> [WHAT YOU ARE ASKED TO DO]
Where a line contains the word "Liquid", copy that line from the records below.

[[ DATA FOR REVIEW open ]]

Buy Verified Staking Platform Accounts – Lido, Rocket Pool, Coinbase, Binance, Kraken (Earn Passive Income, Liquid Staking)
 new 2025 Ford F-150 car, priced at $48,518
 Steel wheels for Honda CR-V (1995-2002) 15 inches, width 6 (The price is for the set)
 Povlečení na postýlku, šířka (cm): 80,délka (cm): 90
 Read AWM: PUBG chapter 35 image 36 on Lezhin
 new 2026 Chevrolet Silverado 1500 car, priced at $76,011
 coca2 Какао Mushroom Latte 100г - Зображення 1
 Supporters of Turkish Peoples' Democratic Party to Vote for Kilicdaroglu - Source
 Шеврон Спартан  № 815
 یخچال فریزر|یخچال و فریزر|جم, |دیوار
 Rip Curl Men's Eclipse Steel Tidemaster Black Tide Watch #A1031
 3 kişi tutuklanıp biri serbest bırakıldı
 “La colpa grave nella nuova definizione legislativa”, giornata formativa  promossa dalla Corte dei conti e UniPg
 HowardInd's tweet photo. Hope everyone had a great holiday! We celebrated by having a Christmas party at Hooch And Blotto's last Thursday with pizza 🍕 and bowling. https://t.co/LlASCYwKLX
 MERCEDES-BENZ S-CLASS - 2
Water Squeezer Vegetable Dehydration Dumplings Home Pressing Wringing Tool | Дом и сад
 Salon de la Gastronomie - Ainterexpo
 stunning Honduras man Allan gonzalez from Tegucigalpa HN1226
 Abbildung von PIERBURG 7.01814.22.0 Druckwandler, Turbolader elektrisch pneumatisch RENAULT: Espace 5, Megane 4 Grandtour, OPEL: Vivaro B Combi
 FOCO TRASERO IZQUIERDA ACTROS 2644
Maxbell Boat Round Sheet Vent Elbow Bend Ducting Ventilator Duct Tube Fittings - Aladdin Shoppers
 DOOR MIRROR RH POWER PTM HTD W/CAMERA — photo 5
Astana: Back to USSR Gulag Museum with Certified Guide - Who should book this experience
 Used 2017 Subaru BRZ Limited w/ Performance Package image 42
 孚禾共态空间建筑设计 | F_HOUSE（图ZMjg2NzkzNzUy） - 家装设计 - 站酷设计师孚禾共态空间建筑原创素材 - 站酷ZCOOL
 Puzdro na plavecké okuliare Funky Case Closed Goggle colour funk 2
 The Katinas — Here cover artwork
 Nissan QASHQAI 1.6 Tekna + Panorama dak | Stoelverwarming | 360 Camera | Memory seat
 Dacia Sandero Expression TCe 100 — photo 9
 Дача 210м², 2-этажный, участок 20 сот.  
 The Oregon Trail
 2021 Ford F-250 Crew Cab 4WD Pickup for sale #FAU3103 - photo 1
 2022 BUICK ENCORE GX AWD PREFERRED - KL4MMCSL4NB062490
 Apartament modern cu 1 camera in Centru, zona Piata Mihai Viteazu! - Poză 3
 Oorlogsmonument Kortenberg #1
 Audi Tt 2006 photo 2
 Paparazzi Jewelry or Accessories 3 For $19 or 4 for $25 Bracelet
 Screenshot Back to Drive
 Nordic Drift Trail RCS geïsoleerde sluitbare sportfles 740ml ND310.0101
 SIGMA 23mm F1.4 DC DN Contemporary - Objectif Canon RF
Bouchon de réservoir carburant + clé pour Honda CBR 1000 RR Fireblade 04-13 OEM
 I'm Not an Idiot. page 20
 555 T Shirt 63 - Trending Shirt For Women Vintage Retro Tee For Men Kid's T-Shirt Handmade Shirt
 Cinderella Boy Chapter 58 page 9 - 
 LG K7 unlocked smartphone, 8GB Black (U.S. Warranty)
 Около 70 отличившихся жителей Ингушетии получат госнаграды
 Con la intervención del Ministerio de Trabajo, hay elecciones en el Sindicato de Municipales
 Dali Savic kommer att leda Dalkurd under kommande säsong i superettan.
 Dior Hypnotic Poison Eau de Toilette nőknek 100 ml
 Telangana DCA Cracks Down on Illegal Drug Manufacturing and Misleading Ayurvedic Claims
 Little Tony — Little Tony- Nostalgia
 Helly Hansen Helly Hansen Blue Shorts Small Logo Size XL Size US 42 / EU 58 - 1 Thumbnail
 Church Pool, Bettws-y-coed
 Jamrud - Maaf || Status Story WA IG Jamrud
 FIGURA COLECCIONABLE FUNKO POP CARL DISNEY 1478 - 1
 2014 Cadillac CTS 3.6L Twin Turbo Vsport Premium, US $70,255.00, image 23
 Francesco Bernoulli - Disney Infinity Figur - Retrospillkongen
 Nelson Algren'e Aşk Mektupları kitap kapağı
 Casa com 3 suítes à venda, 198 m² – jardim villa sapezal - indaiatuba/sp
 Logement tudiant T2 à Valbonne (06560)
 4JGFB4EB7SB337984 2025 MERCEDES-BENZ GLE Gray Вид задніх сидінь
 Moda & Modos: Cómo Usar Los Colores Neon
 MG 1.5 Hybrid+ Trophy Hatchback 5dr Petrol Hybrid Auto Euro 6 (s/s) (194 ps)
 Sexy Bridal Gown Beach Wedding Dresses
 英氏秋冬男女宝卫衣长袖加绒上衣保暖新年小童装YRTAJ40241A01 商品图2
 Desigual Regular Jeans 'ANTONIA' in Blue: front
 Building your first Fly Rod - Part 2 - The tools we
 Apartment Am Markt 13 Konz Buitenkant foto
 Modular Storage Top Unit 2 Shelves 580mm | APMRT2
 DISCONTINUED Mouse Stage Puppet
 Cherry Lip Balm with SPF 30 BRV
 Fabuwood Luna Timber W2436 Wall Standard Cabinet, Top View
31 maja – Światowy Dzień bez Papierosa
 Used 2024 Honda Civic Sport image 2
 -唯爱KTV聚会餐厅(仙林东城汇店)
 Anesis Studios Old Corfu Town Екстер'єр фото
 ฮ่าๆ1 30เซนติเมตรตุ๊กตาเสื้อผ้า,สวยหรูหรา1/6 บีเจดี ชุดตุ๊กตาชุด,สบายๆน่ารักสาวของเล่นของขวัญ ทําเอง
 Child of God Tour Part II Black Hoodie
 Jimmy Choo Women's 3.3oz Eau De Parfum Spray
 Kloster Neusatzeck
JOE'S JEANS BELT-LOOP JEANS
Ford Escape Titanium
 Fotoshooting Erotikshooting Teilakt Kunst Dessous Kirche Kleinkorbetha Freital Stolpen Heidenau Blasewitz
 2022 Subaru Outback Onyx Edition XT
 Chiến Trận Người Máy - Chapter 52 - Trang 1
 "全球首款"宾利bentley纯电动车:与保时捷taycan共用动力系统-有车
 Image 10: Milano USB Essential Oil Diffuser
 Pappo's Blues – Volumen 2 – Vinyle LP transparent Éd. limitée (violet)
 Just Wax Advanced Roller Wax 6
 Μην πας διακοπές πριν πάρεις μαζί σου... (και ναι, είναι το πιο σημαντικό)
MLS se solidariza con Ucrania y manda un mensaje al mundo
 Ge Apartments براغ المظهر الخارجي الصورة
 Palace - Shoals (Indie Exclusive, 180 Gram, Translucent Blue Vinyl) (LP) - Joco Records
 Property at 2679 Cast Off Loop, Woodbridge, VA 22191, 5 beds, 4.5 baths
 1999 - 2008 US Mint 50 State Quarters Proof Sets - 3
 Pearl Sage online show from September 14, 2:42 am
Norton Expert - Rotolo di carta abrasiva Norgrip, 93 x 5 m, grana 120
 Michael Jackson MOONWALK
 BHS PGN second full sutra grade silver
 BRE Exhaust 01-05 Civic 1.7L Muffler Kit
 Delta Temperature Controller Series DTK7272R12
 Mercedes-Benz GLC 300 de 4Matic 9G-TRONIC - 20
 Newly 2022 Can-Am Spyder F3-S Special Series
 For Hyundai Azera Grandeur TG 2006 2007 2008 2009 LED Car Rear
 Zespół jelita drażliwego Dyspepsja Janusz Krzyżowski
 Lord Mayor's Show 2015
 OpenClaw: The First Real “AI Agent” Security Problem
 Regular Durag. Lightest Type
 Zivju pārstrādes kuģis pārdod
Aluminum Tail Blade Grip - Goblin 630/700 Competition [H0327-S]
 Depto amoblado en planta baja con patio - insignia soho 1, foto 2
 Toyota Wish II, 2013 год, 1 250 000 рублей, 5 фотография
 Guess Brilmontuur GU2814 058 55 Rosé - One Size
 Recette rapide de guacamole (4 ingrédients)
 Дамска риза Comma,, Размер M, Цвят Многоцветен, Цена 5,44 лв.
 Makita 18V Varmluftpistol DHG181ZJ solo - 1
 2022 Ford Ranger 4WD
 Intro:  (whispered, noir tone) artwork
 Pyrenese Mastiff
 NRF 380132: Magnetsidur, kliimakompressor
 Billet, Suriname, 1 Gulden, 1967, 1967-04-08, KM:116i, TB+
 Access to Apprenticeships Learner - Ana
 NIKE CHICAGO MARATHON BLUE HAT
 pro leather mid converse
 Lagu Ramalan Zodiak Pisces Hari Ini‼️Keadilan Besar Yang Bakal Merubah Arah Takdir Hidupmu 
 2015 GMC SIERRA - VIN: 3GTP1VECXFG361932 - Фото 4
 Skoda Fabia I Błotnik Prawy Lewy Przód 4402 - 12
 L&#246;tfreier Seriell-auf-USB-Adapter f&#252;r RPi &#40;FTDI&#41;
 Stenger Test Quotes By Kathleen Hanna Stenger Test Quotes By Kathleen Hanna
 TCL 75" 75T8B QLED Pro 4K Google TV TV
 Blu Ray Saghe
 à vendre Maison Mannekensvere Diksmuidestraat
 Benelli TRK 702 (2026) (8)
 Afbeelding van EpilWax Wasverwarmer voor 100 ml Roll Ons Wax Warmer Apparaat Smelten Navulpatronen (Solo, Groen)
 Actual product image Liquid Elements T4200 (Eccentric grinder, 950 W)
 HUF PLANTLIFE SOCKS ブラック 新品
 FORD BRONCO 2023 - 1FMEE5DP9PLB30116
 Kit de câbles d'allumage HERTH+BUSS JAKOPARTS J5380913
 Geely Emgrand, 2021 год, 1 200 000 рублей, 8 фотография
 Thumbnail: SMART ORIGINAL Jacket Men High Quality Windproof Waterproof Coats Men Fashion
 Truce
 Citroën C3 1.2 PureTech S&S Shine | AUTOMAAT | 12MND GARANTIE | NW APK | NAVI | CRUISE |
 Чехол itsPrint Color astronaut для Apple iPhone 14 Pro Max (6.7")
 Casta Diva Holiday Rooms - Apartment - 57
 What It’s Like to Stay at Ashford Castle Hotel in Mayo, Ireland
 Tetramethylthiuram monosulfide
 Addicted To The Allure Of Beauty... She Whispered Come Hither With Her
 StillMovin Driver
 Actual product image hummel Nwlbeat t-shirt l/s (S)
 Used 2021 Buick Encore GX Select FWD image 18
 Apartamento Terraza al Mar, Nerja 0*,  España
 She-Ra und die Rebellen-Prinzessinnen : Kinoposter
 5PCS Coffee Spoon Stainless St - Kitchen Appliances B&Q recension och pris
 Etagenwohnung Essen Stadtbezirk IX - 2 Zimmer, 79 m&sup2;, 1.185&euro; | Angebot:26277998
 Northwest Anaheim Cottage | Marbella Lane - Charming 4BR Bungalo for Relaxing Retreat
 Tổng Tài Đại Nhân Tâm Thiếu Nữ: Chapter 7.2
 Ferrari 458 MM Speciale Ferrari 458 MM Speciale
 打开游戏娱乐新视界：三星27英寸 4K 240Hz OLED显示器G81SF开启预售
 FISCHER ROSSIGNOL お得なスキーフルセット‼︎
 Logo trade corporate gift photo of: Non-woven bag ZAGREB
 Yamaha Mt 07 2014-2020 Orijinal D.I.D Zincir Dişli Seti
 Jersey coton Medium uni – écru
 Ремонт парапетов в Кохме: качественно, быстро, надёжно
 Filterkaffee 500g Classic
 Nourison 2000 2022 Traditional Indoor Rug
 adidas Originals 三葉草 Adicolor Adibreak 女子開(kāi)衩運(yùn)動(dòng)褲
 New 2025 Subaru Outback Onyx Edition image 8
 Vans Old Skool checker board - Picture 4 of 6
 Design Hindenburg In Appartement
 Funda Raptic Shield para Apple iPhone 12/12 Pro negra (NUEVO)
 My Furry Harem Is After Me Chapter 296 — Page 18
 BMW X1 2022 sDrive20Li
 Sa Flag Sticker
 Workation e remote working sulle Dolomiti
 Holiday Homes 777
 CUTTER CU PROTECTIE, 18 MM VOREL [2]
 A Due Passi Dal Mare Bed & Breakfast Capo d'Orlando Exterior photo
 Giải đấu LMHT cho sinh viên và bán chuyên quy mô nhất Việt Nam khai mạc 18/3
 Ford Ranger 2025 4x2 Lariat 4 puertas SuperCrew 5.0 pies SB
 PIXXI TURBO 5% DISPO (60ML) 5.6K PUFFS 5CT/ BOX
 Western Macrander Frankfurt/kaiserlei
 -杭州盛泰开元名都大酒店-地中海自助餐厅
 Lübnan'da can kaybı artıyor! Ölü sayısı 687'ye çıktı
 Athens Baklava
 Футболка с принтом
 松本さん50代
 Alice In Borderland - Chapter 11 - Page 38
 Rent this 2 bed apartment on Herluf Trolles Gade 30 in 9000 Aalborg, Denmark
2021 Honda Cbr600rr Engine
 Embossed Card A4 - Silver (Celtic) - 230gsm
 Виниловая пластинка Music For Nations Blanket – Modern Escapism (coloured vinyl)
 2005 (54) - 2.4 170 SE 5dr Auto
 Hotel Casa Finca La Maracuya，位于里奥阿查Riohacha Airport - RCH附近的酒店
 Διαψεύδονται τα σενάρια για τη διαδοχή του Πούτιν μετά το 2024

[[ DATA FOR REVIEW closed ]]

> [WRITTEN REPLY]
Buy Verified Staking Platform Accounts – Lido, Rocket Pool, Coinbase, Binance, Kraken (Earn Passive Income, Liquid Staking)
 Actual product image Liquid Elements T4200 (Eccentric grinder, 950 W)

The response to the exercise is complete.